Embedded in trading profits, the costs of dealer intermediation are typically much more difficult to measure – and much less transparent – than the costs of exchange and broker intermediation. First, dealers may insert themselves between buyers and sellers when they are not really needed, which is most likely to occur in actively traded products for which there are often a large number of investors seeking to trade. Second, because their profits and costs are not transparent, dealers may trade at prices that are not determined by effective competition. Given that a great many securities products are not actively traded, dealers continue to play a critical role in our markets. An important challenge for the SEC has long been how to ensure that dealers have the economic incentives to continue to play this role while avoiding undue costs for investors from excessive intermediation.
Putting Technology and Competition to Work for Investors
Given the importance of intermediation in our markets – and the related, persistent concerns of conflicts of interest and investors’ costs – we must continually rethink the way we look at “intermediation.” In particular, for a given market, we must ask whether intermediation has appropriately harnessed competition and technology in the service of investors. Are the benefits being realized by investors? Are there unintended consequences that are adversely affecting investors? Is regulation appropriately tailored to the competitive dynamics and technological developments of the market?
Stepping back to look at the contrast between the equity and fixed income markets may help us better understand these questions and the inherent complexities of the regulatory decisions for the SEC.
The Equity Markets
In the U.S. equity markets, competition and technology have had a profound effect over many years, generating enormous benefits for investors and issuers. Equity markets today are host to a diverse set of exchanges and alternative trading systems that match buyers and sellers. Dealer intermediation is substantial in both types of matching venues.

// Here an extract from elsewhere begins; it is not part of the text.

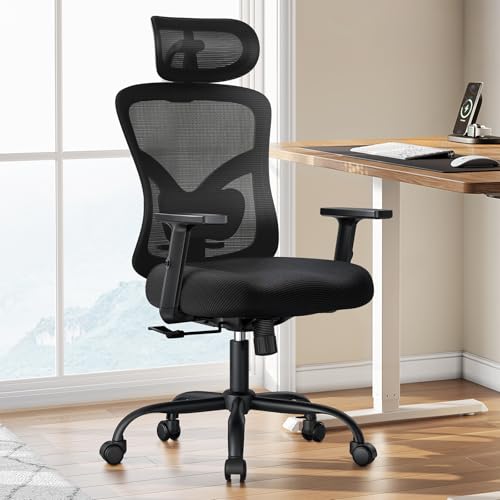 MarsailErgonomic Office Chair Ergonomic Gaming Chair with Lumbar Support, 2D Headrest, Adjustable Armrests, Contoured S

But many orders are not intermediated on these matching venues. They are being executed by broker-dealers before they ever reach one. Off-exchange trading now represents more than 35% of equity volume, compared to just 25% five years ago, and the majority of this volume reflects broker-dealers executing directly the orders of both retail and institutional traders.[4]
Today, even in the very lively debate about the various aspects of equity market structure, one would be hard-pressed to find concerns about a lack of competition among equities exchanges and other intermediaries, or that they have failed to take advantage of new technologies. At least with respect to exchanges, this is a major change from the past, where a primary concern was for years the potential for dominant markets to stand in the way of the forces of technology and competition. This concern was certainly at the forefront in 1975, when Congress amended the Exchange Act to direct the Commission to facilitate the creation of a national market system.[5] And it continued into the adoption of Regulation NMS, with fears that competition sparked by the new rules would be limited to the NYSE and NASDAQ.[6] We are now living in a much different world, where many are questioning whether the pendulum has swung too far and we have too many venues, creating unnecessary complexity and costs for investors.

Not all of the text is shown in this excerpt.